When the exhibit was decommissioned in October 2022, there was a lot of public concern that, under new management, the Museum was turning its back on its history, and that the legacy of George Merrick would soon be forgotten. This concern followed a movement, and a 2021 petition circulated by some University of Miami students, arguing that George Merrick was a racist whose name should be removed from the University and other public buildings. There was even talk of removing his statue from in front of City Hall.
But far from turning its back on the history of Coral Gables, the museum has sought to reinvigorate interest in our founding father and his vision for the City Beautiful.
The original ‘Creating the Dream’ exhibit is being preserved in a digital format to remain available for viewing at the Betty & L.D. Pankey Gallery and on the museum’s website. Additionally, a new and condensed version of the story, entitled ‘George Merrick’s Vision,’ is being offered by the Museum and the Visitor Center to the public for free. The new exhibit, in the Frank Lynn Gallery, emphasizes the importance of Merrick’s vision for not only the history of our city, but also its future development. Even more than Pierre L’Enfant in Washington D.C. or Baron Georges-Eugène Haussmann in Paris, George Merrick imposed his vision and personality on the city, a vision which local developers and architects are now carrying into the 21st century.

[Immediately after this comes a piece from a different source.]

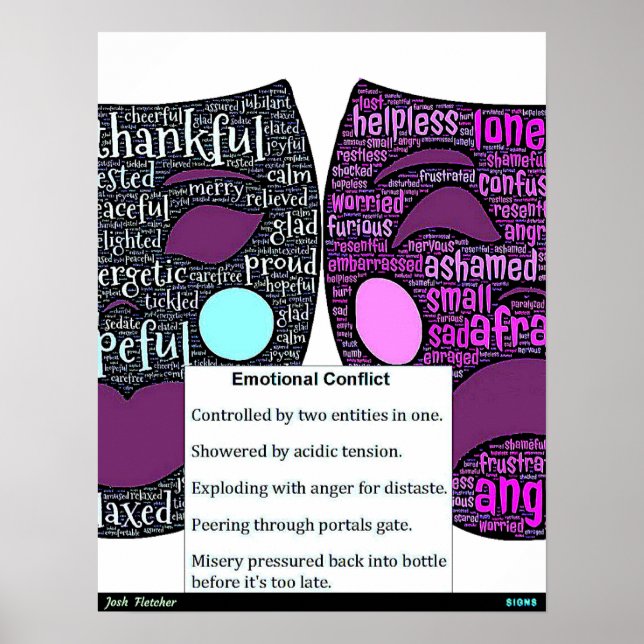 Póster Conflicto Emocional (Frente)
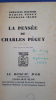La Pens&eacute;e de Charles P&eacute;guy
. Mounier, Emmanuel - P&eacute;guy , Marcel - Izard, Georges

Finally, the new exhibit illustrates the warm relationships that both George Merrick and his father Solomon maintained with the Black Bahamian community and how, despite Florida’s segregationist Jim Crow laws, Merrick ceaselessly fought to improve the living conditions of Miami’s Black citizens.
The history of Coral Gables is further celebrated in another current exhibit devoted to the city’s only female mayor, Dorothy Thompson. It was Thompson’s historic vote which saved the Biltmore Hotel, the jewel in the crown of George Merrick’s beautiful city. The current exhibit explores the life and times of this fascinating woman and her significant role in preserving Merrick’s legacy.
Another way the museum is focused on the city’s history is the Link & Learn lecture series focused on the Mediterranean Architecture of Coral Gables. From October 2022 to May 2023, in collaboration with ICAA Florida Chapter and the UM School of Architecture, the museum is presenting six lectures by distinguished local architects concerning the architectural and cultural patrimony of George Merrick, Mediterranean Architecture, and the City Beautiful movement.
A completely different exhibit is also on display, focused on more recent history: a selection of photographs by TV anchor and photographer Raúl de Molina during his time as a photo reporter and paparazzo in 1980s Miami. Simultaneous to capturing what was happening in real life, from riots to police corruption and drug dealing, Molina also documented the activity behind the scenes of NBC’s popular crime drama series “Miami Vice.” The dialogue between the fictional and the real images show how, in some cases, real life imitates art as much as art imitates real life. Far from rejecting South Florida’s history, the Coral Gables Museum is celebrating it with three current exhibits, a permanent digital exhibit, and a lecture series. Our history is not something old and dusty but something vibrant, relevant, and constantly being renewed.